Jon developed a good ear for record production. He told me that when it came to the mixing of Dick Heckstall-Smith’s criminally underrated 1972 solo release, A Story Ended, he took to producing like a duck to water. His production on the much-revered Ian Carr album, Belladonna, from the same year similarly benefits from the clarity and muscularity of the sound Jon brought to the studio. Paying attention to the likes of Tom Newman and Geof Emerick had paid off, he told me. More recently, one of the last productions he worked on was the forthcoming new Soft Machine album, Hidden Details, recorded in December last year at his Temple Music studio in Sutton.
In 2010 a biography of Jon, Playing The Band, was published. Coming in at nearly 500 pages it was a weighty tome. Given the myriad of musical connections accrued during a busy career, it needed to be. Looking over the finished work Hiseman told the book’s author Martyn Hanson, “I... got the bug when I was in my teens and just went for it - seldom looking left or right, never looking down and just ‘playing the band.’ Life seemed pretty simple to me, in that every decision was made with the sole purpose of getting the current project brought home to a successful conclusion... then moving on to the next idea which was already taking shape.”
It was the deaths of Larry Coryell, closely followed by that of Allan Holdsworth in 2017 that prompted Jon to reunite with his old Colosseum bandmates, Clem Clempson and Mark Clarke to form JCM. Their subsequent album, Heroes, released earlier this year, was a tribute to some of the players who had believed in him and given support to Hiseman along the way. There’s something profound and oddly poetic that Jon was suddenly taken ill in the middle of JCM’s tour and his subsequent diagnosis of cancer which took him away. Pugnacious, persistent and determined to overcome whatever obstacles came his way, Hiseman was one of the pioneering musicians of his generation.

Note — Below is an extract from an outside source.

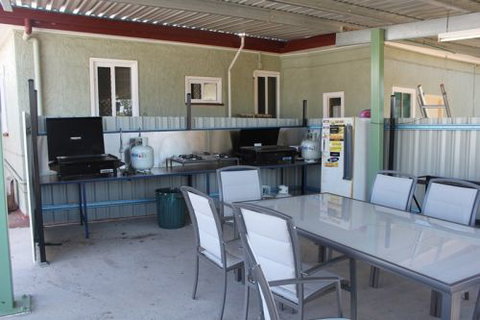 Cityside Accommodation | Mt Isa - Port Augusta Accommodation 1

Though Hiseman lived and breathed music the real love of his life was always his wife, sax player Barbara Thompson, whom he married in 1967 and with whom he collaborated in Paraphernalia, the United Rock And Jazz Ensemble and numerous other settings. Following her diagnosis with Parkinson’s disease in the late ‘90s it was thought she’d never work live again but her appearances in the reformed Colosseum in 2004 and their farewell concert 2015 was a source of great pride and unstinting admiration from Jon. It’s no accident that his favourite track, Foyers Of Fun, from Tempest’s first album was written with Barbara in mind; “There's no place I've not left in great haste/For the journey back home.”